Taking the blue micro-LED chip as an example, the first doped type semiconductor layer 312 is an N-type gallium nitride (GaN) layer, the second doped type semiconductor layer 316 is a P-type GaN layer, and the active layer 314 is an indium gallium nitride (InGaN)/GaN multiple quantum well layer. It should be noted that the micro-LED chip 300 of the embodiment 2 the blue micro-LED chip, or may be micro-LED chips with other color lights, such as a green micro-LED chip, a red micro-LED chip, etc., thereby that composition and material of each layer in the epitaxial structure 310 need to be adjusted accordingly, but a substitution of the micro-LED chips with other color lights is an existing mature technology. Therefore, details are not described herein again.

As described above, the embodiment 2 designs a structure size and/or a shape of the micro-LED chip 300, for example, an elongated edge a of the micro-LED chip 300 (i.e., a length a in an X direction illustrated in FIG. 3), a thickness b of the micro-LED chip 300 (i.e., a height in a Z direction illustrated in FIG. 3, not labeled), and a peak-valley height difference c of the patterned structure 313 (i.e., a height c in the Z direction illustrated in FIG. 3) satisfy the following formula: 0.01≤b/a≤6, and 0.01≤c/b≤0.3. Specially, b is defined as an overall thickness of the micro-LED chip 300 in the Z direction, and b/a mainly indicates the size of the micro-LED chip 300 (typically, b/a≤1). Moreover, the value of the thickness b can be determined by a thickness of the epitaxial structure 310, a thickness of an electrode in the micro-LED chip 300, and an etching depth of the semiconductor layer (e.g., a depth of mesa etching). The condition of 0.01≤b/a≤6 represents that the elongated edge a of the micro-LED chip 300 can be greater than the thickness b of the micro-LED chip 300 (e.g., 0.01≤b/a<1), so that the shape of the micro-LED chip 300 looks long but thin, which enables a display device using the micro-LED chip 300 thin. In addition, the elongated edge a of the micro-LED chip 300 can also be less than the thickness b of the micro-LED chip 300 (e.g., 1<b/a≤3), so that the shape of the micro-LED chip 300 looks short and thick, which enables a display device using the micro light emitting diode chip 300 have a high pixel density. The condition of 0.01≤c/b≤0.3 can prevent the micro-LED chip 300 from being easily damaged due to a large drop in surface roughening, while improving light extraction efficiency.

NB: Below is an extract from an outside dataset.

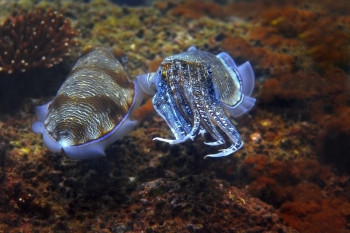 鱼泰国PhiPhiPhi的Palong潜水场肺礁图片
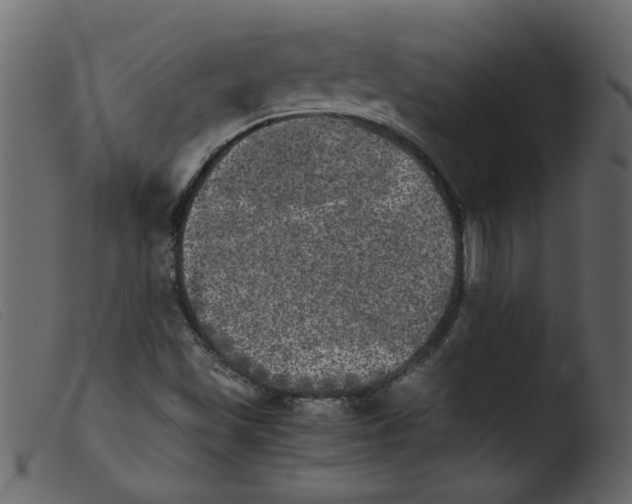 X0000103961501200810101232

In an illustrated embodiment, a specific size design of the peak-valley height difference c of the patterned structure 313 (i.e., the two-dimensional photonic crystal structure) is set to be less than or equal to 1.5 μm; more specially, the specific size design of the peak-valley height difference c of the patterned structure 313 is set to be at a sub-micron level or even at a nanoscale, and the sub-micron level described herein refers to the peak-valley height difference c of the patterned structure 313 (i.e., the height difference in the Z direction illustrated in FIG. 3, or referring as to a drop in surface roughening) that satisfies the condition of 0.1 μm≤c<1 μm; the nanoscale refers to that the peak-valley height difference c of the patterned structure 313 satisfies the condition of c<0.1 μm.

In addition, in view of the two-dimensional photonic crystal structure as the patterned structure 313, a lattice type of the two-dimensional photonic crystal structure can be a square lattice, a triangular lattice, or a honeycomb lattice, which is not specifically limited herein. As long as that the two-dimensional photonic crystal structure can improve the light extraction efficiency of the micro-LED chip 300. It should be noted here that the photonic crystal structure has the energy order of photons, which can improve the light extraction efficiency, and can also change/control the light type (light emitting direction) according to requirements, and control the wave band of light.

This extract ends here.